Entrée en vigueur le 1er août 2014, la Convention d’Istanbul a été ratifiée à ce jour par une trentaine d’États membres du Conseil de l’Europe et par l’Union européenne.
Elle oblige — sur le papier du moins — les gouvernements à adopter une législation réprimant la violence à l’égard des femmes, le harcèlement sexuel, les mutilations génitales féminines, le mariage forcé, et à prévoir des refuges pour les victimes de violences.
Mais dix ans après, « la législation française n’est toujours pas conforme à la Convention d’Istanbul, et quand le droit la respecte plus ou moins, la mise en œuvre est rarement à la hauteur », estiment cinq associations de défense des droits des femmes dans un communiqué publié mercredi.
La Fédération nationale Solidarité Femmes, la Fédération nationale des centres d’information sur les droits des femmes et des familles (FNCIDFF), la Cimade, le Planning familial et les Féministes contre le cyberharcèlement indiquent avoir remis lundi un rapport dans ce sens au Grevio, le mécanisme de suivi de cette Convention.
« Les mesures mises en place, de manière éparse et éclatée, concernent quasi exclusivement, et encore insuffisamment, les violences conjugales » et « font moindre cas des violences sexistes, sexuelles et des cyberviolences et excluent les groupes minorisés et marginalisés à l’instar des femmes étrangères et des femmes en situation de handicap, pourtant surexposées à ces violences », pointent les associations.
Face à ce « lourd retard », la possible arrivée au pouvoir — à l’issue des élections législatives anticipées — de l’extrême droite « opposée à ce texte, constitue une menace sérieuse pour les droits des femmes, la lutte contre les violences et l’application de la Convention », jugent-elles.
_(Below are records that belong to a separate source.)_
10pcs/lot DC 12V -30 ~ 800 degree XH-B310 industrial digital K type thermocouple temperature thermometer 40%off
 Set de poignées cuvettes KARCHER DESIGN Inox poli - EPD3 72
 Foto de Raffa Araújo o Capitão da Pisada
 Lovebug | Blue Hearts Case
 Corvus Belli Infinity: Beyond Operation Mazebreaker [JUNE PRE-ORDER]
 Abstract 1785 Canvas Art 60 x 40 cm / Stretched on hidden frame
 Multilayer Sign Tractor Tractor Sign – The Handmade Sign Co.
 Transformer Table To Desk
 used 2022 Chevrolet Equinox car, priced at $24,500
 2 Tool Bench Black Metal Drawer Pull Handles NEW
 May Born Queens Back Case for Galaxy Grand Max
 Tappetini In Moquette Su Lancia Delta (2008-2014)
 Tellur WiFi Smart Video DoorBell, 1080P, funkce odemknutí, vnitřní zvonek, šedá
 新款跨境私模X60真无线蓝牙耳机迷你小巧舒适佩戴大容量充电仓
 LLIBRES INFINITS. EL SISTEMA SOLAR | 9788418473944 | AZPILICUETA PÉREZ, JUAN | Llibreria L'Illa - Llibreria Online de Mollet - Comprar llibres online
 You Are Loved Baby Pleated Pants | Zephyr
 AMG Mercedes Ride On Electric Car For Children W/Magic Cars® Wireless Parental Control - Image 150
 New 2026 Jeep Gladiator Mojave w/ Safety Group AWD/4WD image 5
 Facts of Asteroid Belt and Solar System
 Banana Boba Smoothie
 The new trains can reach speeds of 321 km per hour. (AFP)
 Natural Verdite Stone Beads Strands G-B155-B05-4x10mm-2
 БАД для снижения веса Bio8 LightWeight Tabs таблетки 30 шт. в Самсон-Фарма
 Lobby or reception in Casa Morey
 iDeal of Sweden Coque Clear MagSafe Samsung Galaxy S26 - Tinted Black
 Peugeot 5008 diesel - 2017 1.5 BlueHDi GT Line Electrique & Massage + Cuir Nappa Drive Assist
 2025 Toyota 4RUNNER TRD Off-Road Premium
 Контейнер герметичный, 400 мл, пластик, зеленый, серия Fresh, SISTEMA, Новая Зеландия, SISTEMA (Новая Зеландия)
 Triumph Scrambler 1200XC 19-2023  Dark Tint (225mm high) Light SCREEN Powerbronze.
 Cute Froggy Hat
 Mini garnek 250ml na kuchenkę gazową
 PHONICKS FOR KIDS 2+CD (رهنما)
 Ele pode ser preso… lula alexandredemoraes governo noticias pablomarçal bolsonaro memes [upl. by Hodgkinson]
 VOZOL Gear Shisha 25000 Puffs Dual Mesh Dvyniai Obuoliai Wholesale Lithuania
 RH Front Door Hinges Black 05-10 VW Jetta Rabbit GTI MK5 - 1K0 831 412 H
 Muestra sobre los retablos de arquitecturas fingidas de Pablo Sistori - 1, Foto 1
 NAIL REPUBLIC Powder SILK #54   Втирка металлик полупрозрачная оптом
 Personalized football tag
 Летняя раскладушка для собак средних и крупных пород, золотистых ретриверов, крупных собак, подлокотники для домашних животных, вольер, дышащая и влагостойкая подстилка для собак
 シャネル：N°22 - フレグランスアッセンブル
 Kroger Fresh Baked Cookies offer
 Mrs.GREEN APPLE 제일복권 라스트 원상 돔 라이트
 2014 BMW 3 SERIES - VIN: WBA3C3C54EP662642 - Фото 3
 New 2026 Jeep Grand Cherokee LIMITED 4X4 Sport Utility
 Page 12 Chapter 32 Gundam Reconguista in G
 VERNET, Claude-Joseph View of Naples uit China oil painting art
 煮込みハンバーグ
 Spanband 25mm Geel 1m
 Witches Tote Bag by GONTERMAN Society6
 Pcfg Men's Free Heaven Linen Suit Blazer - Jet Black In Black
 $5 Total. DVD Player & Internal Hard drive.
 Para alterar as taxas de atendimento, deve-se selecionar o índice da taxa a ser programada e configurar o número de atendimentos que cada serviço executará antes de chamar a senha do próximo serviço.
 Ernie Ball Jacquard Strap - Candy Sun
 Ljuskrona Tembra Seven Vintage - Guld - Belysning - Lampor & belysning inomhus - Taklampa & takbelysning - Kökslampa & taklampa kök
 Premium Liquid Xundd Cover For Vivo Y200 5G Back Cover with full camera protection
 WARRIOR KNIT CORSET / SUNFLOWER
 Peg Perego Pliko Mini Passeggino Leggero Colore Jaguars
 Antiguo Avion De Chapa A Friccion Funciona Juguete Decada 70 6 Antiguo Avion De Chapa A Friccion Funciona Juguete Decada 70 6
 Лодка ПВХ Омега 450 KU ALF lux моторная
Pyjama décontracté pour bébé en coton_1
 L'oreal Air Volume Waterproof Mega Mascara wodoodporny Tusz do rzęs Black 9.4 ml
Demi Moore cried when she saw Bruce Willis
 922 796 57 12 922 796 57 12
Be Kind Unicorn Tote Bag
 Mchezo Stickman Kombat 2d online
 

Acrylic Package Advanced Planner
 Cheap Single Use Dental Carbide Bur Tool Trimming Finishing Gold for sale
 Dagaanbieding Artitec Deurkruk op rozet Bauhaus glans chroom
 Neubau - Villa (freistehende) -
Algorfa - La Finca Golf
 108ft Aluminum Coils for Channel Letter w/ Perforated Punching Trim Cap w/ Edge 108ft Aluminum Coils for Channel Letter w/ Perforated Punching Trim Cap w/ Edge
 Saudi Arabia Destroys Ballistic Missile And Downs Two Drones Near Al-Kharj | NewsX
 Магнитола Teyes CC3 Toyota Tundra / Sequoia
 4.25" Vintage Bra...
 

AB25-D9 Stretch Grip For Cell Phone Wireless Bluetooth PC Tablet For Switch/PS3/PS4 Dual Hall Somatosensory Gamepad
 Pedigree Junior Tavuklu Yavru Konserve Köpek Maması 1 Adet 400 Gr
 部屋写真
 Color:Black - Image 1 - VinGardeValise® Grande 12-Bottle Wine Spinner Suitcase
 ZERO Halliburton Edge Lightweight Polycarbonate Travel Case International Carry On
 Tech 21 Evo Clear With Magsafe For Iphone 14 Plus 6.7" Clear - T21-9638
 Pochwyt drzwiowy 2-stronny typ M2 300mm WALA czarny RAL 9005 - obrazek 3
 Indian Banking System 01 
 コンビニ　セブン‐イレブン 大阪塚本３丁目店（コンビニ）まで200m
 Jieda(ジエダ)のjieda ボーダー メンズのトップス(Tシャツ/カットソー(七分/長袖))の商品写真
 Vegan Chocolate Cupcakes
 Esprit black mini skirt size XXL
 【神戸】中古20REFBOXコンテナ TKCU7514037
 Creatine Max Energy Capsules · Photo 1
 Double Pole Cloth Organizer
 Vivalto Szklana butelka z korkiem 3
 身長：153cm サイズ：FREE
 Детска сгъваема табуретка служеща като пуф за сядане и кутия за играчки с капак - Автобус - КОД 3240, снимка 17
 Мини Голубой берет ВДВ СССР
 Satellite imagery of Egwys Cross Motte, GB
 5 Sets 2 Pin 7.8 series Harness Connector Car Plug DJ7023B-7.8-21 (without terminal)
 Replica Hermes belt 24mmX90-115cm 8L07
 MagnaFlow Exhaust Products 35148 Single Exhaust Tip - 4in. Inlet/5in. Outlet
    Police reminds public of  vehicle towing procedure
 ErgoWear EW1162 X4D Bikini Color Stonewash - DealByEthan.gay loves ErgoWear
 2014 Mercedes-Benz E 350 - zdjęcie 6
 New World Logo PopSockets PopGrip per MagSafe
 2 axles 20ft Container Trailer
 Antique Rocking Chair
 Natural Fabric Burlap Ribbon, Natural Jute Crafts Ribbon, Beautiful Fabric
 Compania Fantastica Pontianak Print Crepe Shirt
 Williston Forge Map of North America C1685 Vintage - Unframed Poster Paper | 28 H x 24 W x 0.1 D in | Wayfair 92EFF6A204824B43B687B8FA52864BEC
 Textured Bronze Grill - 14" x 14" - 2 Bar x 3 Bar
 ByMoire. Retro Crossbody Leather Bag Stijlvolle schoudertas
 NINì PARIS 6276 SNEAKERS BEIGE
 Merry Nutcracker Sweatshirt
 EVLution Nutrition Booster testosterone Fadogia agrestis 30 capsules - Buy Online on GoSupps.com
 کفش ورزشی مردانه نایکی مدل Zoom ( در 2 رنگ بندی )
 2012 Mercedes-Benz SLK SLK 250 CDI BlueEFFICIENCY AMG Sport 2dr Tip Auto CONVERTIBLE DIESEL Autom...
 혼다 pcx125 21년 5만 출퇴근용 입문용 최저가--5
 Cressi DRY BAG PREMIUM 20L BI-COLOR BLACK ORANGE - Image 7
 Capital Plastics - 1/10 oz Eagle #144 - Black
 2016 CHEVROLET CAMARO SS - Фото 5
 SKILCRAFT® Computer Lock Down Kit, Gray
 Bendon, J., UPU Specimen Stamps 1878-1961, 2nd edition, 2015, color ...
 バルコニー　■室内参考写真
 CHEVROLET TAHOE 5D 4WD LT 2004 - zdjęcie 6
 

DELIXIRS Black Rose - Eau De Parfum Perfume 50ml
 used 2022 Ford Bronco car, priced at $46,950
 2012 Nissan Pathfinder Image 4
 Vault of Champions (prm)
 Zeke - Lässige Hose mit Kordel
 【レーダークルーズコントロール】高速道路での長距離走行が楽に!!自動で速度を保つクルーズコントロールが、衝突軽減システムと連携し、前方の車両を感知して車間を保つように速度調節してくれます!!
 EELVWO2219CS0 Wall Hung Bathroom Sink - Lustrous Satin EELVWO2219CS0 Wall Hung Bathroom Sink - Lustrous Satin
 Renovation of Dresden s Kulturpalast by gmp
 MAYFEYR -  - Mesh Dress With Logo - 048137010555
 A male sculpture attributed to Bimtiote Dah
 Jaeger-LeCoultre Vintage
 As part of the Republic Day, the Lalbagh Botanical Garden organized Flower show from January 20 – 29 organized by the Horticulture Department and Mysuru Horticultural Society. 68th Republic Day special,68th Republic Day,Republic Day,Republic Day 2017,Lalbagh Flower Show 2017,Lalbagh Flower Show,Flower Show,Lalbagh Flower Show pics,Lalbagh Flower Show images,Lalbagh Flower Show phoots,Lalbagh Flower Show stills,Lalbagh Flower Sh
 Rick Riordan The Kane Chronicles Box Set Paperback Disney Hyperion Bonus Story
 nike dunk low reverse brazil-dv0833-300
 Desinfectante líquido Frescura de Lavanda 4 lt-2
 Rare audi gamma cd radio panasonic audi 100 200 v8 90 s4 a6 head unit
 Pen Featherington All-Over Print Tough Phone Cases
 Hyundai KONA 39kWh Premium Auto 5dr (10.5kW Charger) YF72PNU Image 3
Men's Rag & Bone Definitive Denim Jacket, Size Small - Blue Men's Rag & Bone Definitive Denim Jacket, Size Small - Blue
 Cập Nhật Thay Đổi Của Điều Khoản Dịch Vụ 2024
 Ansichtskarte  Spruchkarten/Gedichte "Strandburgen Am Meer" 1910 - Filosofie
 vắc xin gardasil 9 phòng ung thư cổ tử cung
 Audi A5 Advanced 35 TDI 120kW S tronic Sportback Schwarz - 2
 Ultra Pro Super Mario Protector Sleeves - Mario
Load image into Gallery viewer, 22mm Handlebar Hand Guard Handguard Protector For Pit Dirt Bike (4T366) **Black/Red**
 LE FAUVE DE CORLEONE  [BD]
Tout en dressant un bilan sévère des « manquements » de la France, les associations saluent plusieurs mesures prises ces dernières années par les pouvoirs publics (déploiement de 3 000 téléphones grave danger supplémentaires, le renforcement du recours aux bracelets anti-rapprochement, création d’un fichier des auteurs de violences conjugales, renforcement de la gouvernance locale de la politique de lutte contre les violences conjugales…).
Mais les mesures adoptées « demeurent éparses et éclatées » et le financement n’est pas « à la hauteur des besoins », déplorent-elles dans leur rapport remis au Grevio, critiquant un « traitement judiciaire défaillant » et un « défaut de prévention ».